- _ASSIGNED TASK_:
Since only part of the material below is wanted, output exactly the lines from the one with "Home Box Opulent" up to and including the one with "Elegant Black Floral Embroidered Ethnic Set".

- _SUPPLIED DATA_:
[Start of Attachment]

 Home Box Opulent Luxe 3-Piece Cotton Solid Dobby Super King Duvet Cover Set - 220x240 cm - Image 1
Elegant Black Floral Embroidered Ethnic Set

[End of Attachment]
[Start of Attachment]

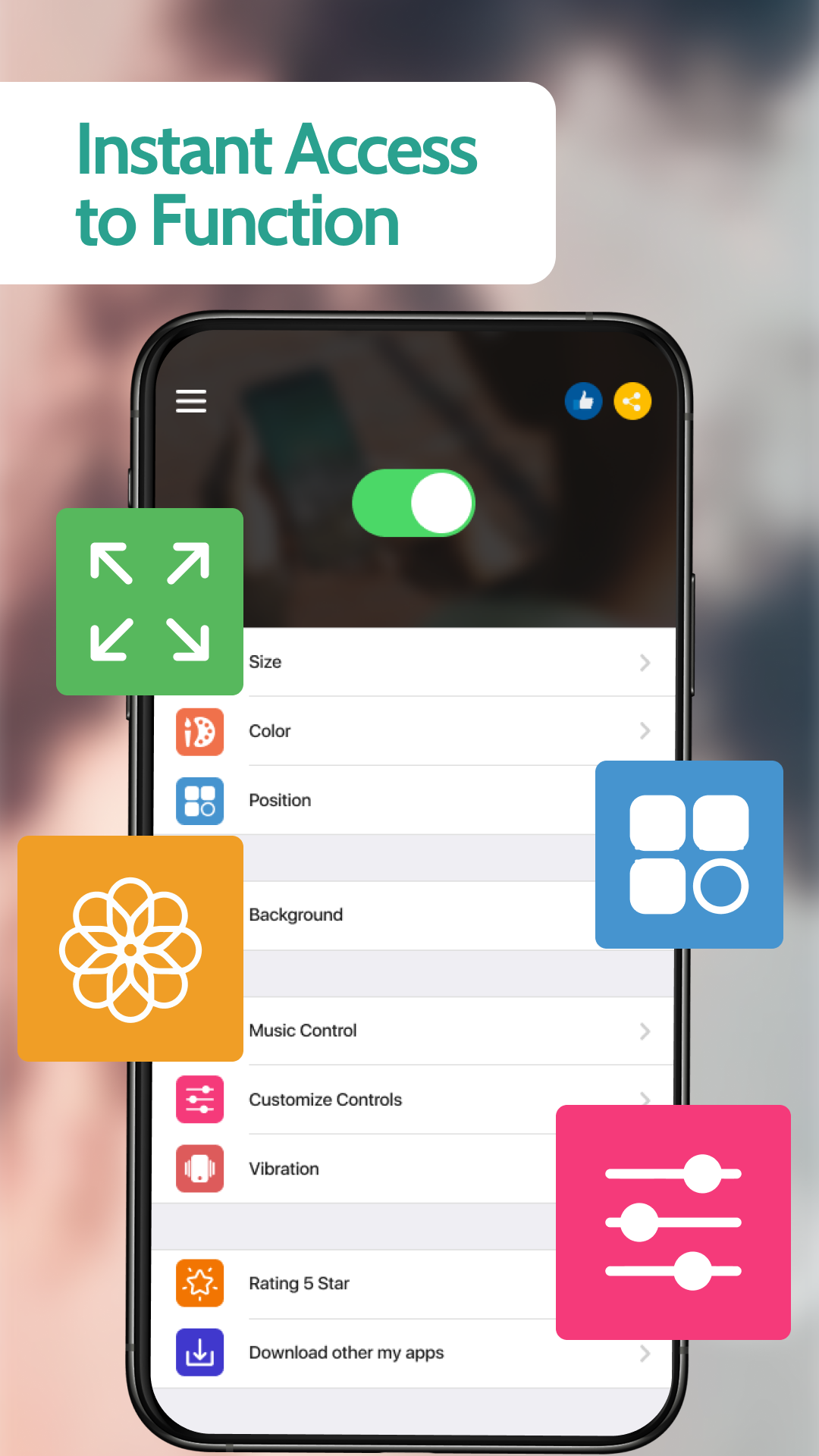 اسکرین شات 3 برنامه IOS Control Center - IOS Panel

[End of Attachment]

- _RESULT_:
 Home Box Opulent Luxe 3-Piece Cotton Solid Dobby Super King Duvet Cover Set - 220x240 cm - Image 1
Elegant Black Floral Embroidered Ethnic Set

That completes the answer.